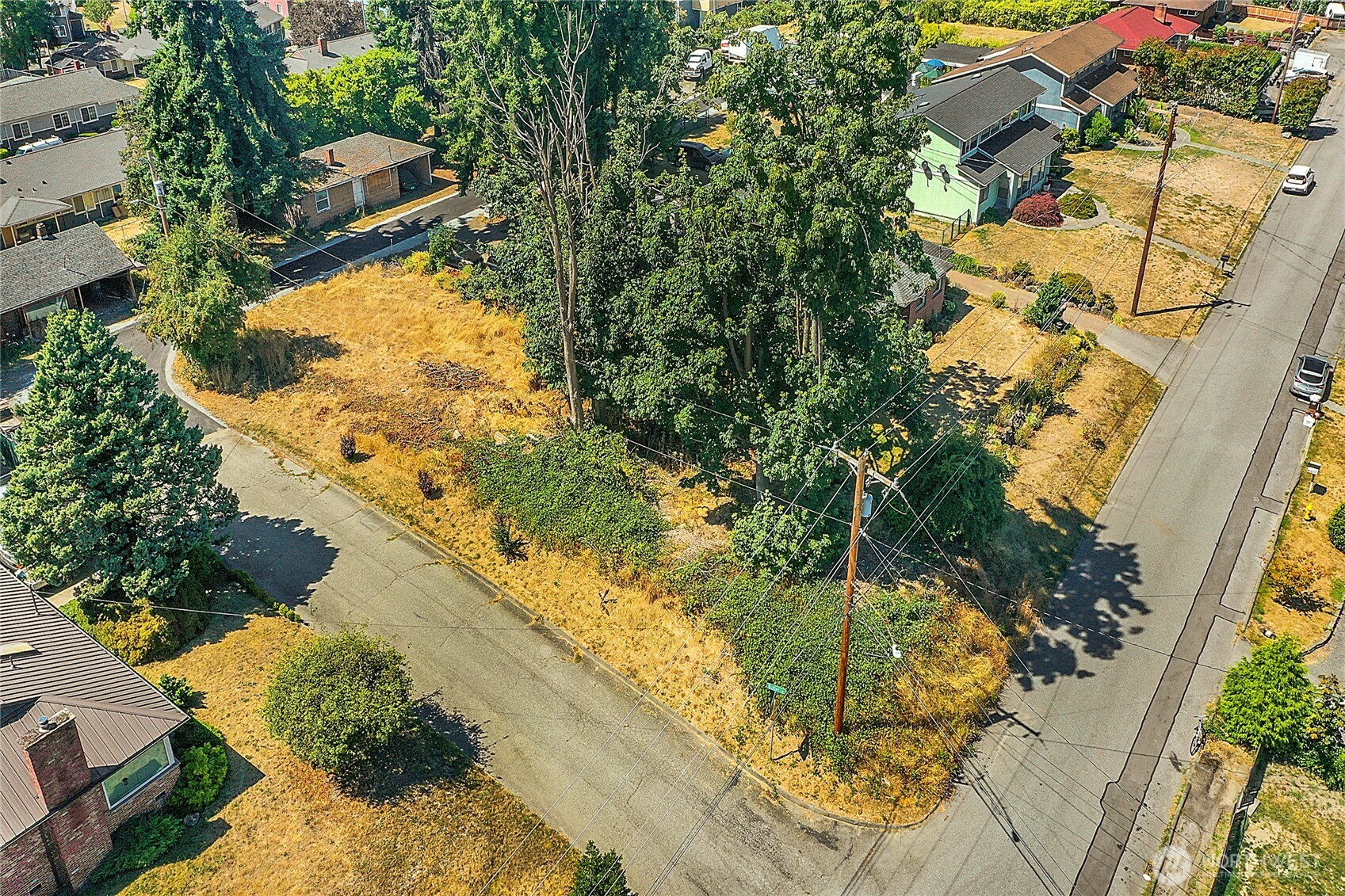 1 Xx Hawthorne Street Property Photo 3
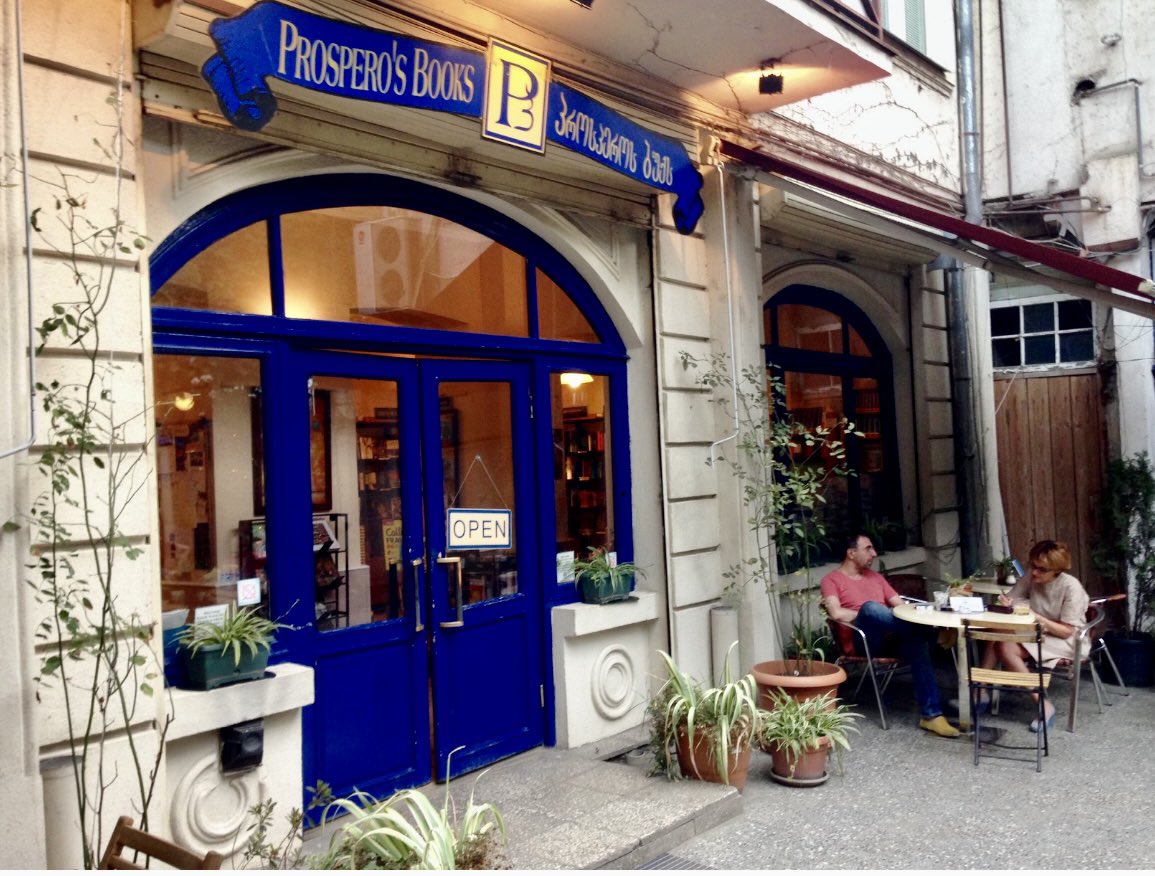 .#GreatPlace @prosperosbooks #RustaveliAvenue #Tbilisi 🇬🇪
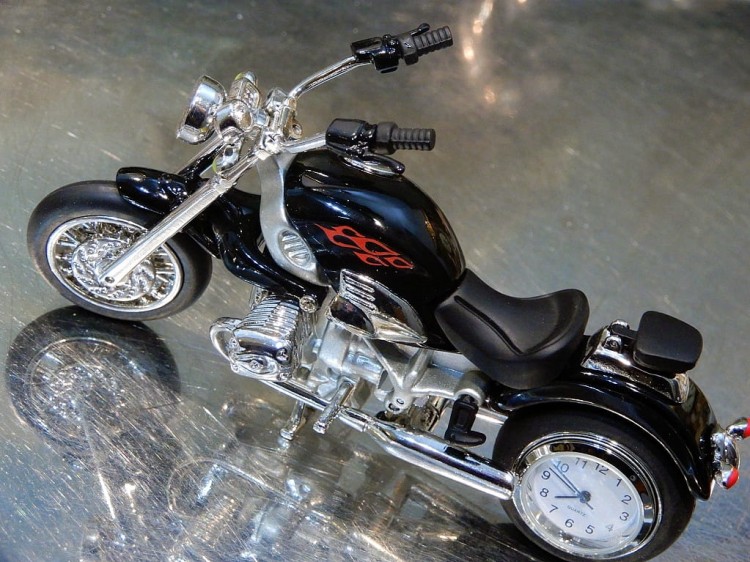 motocykl z zegarkiem na biurko
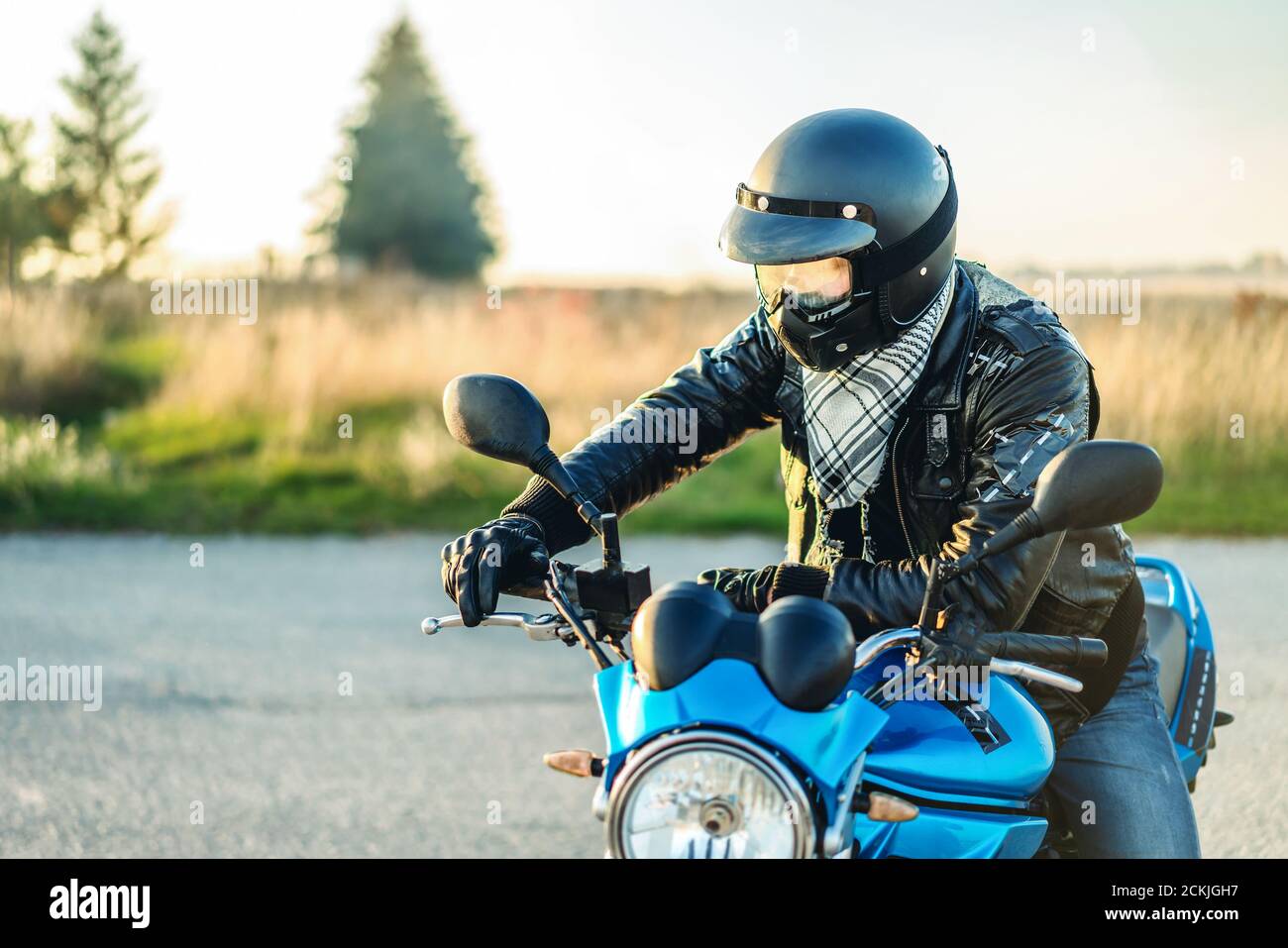 Biker sulla motocicletta sportiva outdoor su strada Foto Stock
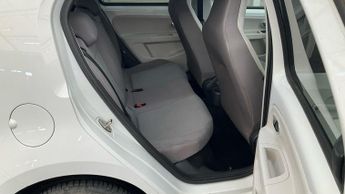 VOLKSWAGEN e-up! 18.7kWh e-up! Hatchback 5dr Electric Auto (82 ps)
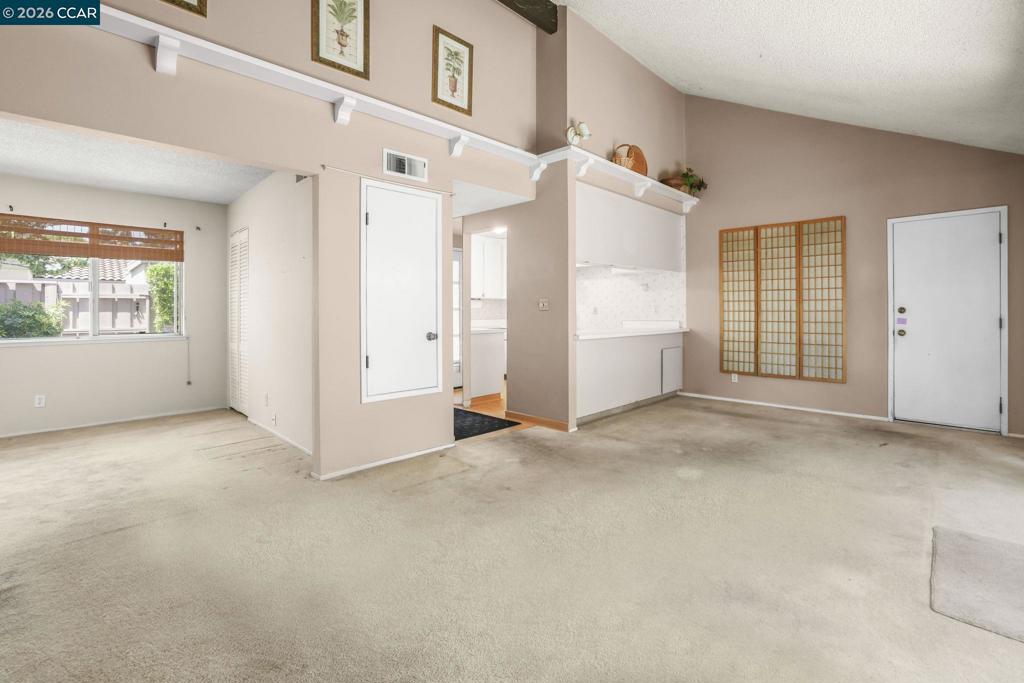 4 Long Creek Cir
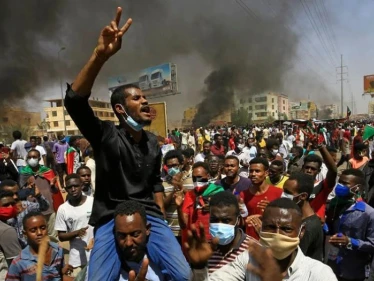 قوات الأمن السودانية تطلق القنابل الصوتية بكثافة على المحتجين قرب قصر الرئاسة.. ومصادر طبية تعلن مقتل متظاهرين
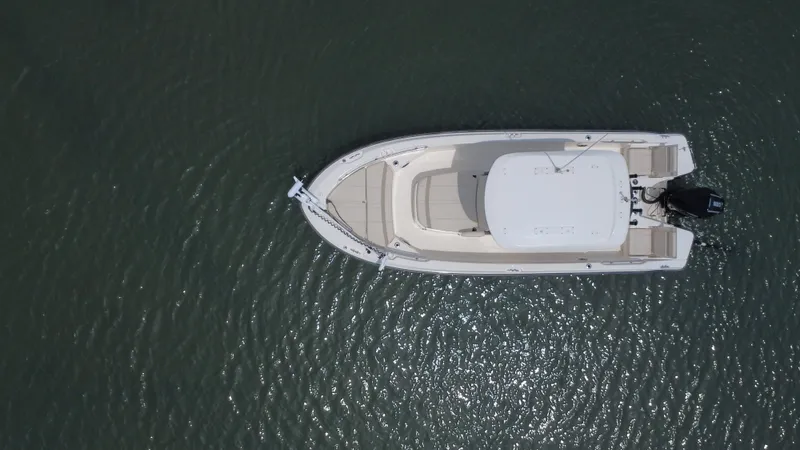 Slide: The Image of Boston Whaler 220 DAUNTLESS 2023 - 5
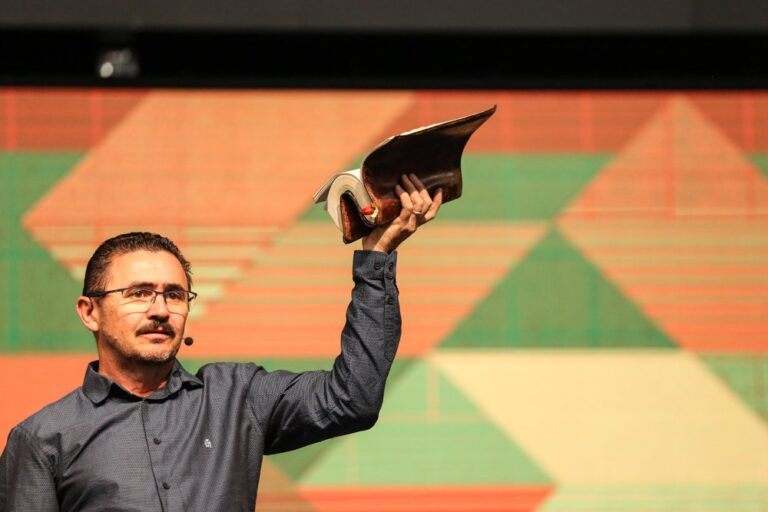 Culto de Oração com pastor João Roberto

------------------------------

| Task description |
If the listing above includes images, copy every line of it exactly except those images.

| Answer to this exercise |
 1 Xx Hawthorne Street Property Photo 3
 .#GreatPlace @prosperosbooks #RustaveliAvenue #Tbilisi 🇬🇪
 motocykl z zegarkiem na biurko
 Biker sulla motocicletta sportiva outdoor su strada Foto Stock
 VOLKSWAGEN e-up! 18.7kWh e-up! Hatchback 5dr Electric Auto (82 ps)
 4 Long Creek Cir
 قوات الأمن السودانية تطلق القنابل الصوتية بكثافة على المحتجين قرب قصر الرئاسة.. ومصادر طبية تعلن مقتل متظاهرين
 Slide: The Image of Boston Whaler 220 DAUNTLESS 2023 - 5
 Culto de Oração com pastor João Roberto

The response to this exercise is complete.